By MARK NEWMAN
Courier staff writer
---- — OTTUMWA — A once-popular restaurant turned dangerous eyesore has been leveled.
A heavy equipment operator, supported by several workers in hardhats, were demolishing the exposed walls of the building Tuesday morning.
In April of last year, El Rancho Grande Mexican restaurant had an electrical fire start at a lamp on the lower level. The fire department was called around midnight.
"We responded at 12:08 a.m.," said Ottumwa Fire Chief Tony Miller. "At one point, we almost had it contained. [But] around 3 a.m. the fire went through the roof."
At that point, the goal became to protect surrounding structures, Miller said; that part of downtown has buildings close to one another. There's a small grocery store, a radio station and other businesses at that corner of Jefferson and Main streets.

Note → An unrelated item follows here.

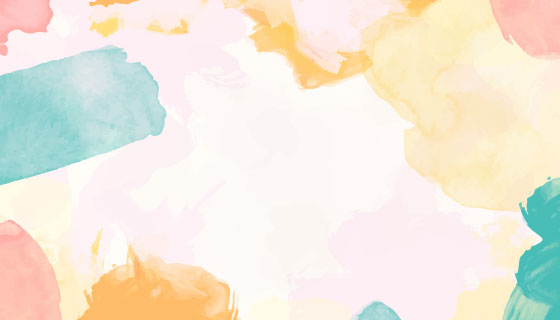 多彩水彩背景矢量素材(EPS)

By the time the department packed up more than 12 hours later, the structure was a wreck. What the fire hadn't destroyed, the thousands of gallons of water had flooded.
But even with the fire extinguished, there was danger. At the time, firefighters warned that the remaining three-story walls should be avoided. The walls just didn't have enough structural support to remain standing very long. The city of Ottumwa blocked off the alley (used as a through road) behind "El Rancho," but places like the American Red Cross were within falling distance of some of the walls.
Miller said all the paperwork was finally done and the insurance company had ordered the demolition.
"I've been hearing the 'booms' all morning," said Christine Ayala, who works at the Red Cross office.
The construction workers inspired confidence in Ayala, who said that despite the smashing and breaking going on, she had no fears about bricks or front loaders coming through her office wall.
She and some other downtown neighbors were watching the demolition. Every person who stopped to watch — seven people in one 20-minute period — got their cell phones out to snap photos or video, except for one man who had a professional-looking camera.
"It was a part of history," explained Ayala. "That building has been here a long time."
The building stood for decades as a warehouse, then, with refurbishment, it served as a bar, a restaurant with southern food and, for about 10 years, a Mexican restaurant used as a gathering spot for downtown business people, families and, at times, Spanish classes from the high school trying out their language skills.
The demolition came as welcome news to safety officials.
"It's dangerous, and it looked terrible," said Miller of the burned-out ruins.
The memories, however, were good.
"We spent a lot of time here as a family," reminisced Ayala. "I hope they rebuild."